Thursday, April 18, 2013

Passage from Book for Lesson One


“In 1920 Stark received the 1919 Nobel Prize for his discovery of the Stark effect—the splitting of spectral lines in an electric field—and moved on to the University Würzburg in his native Bavaria. He now became more active in the politics of the physics community. Berlin physicists, who tended to be more liberal, cosmopolitan, and theoretical, dominated the German Physical Society and had alienated more conservative physicists from other parts of Germany. In April 1920 Stark began soliciting members for his alternative German Professional Community of University Physicists, an organization Stark intended to dominate physics and control the distribution of research funds.
But Stark’s efforts were thwarted. The Physical Society mollified most conservative scientists by
electing as president, Wilhelm Wien, one of their number who was much easier to deal with than Stark.
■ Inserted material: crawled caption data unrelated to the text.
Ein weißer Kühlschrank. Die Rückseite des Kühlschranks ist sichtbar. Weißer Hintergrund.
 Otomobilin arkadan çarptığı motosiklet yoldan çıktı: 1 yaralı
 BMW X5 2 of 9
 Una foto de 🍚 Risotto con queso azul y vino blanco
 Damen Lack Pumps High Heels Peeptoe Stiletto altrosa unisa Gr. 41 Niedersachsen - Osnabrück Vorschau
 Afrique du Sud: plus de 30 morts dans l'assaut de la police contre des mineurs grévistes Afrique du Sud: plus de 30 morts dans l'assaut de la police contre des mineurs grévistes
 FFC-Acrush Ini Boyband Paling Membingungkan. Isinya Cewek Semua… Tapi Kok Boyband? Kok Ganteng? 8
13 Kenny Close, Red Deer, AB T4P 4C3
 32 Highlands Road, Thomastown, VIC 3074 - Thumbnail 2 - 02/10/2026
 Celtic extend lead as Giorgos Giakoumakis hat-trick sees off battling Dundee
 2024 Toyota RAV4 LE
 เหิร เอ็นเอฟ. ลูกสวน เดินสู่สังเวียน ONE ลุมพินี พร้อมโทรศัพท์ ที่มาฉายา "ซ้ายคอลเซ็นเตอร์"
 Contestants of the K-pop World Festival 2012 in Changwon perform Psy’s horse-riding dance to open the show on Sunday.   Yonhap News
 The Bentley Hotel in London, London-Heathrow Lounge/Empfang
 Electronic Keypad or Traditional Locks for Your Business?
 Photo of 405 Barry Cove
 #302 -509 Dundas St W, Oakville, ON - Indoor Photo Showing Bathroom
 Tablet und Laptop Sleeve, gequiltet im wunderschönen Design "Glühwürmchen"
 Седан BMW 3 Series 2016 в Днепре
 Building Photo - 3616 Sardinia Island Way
The two main funding organizations, the private Helmholtz Foundation and the state-run Emergency Foundation for German Science (Notgemeinschaft der Deutschen Wissenschaft, henceforth NG), also preserved their independence by lining up influential scientists and patrons.6 When Stark realized that his voice would be only one among many setting science policy, he withdrew. Stark’s efforts in 1920 were a preview of the action he would take with political backing at the beginning of the Third Reich.”

Walker, Mark. "The Rise and Fall of an "Aryan" Physicist." Nazi science: Myth, truth, and the German atomic bomb. New York: Plenum P, 1995. 7.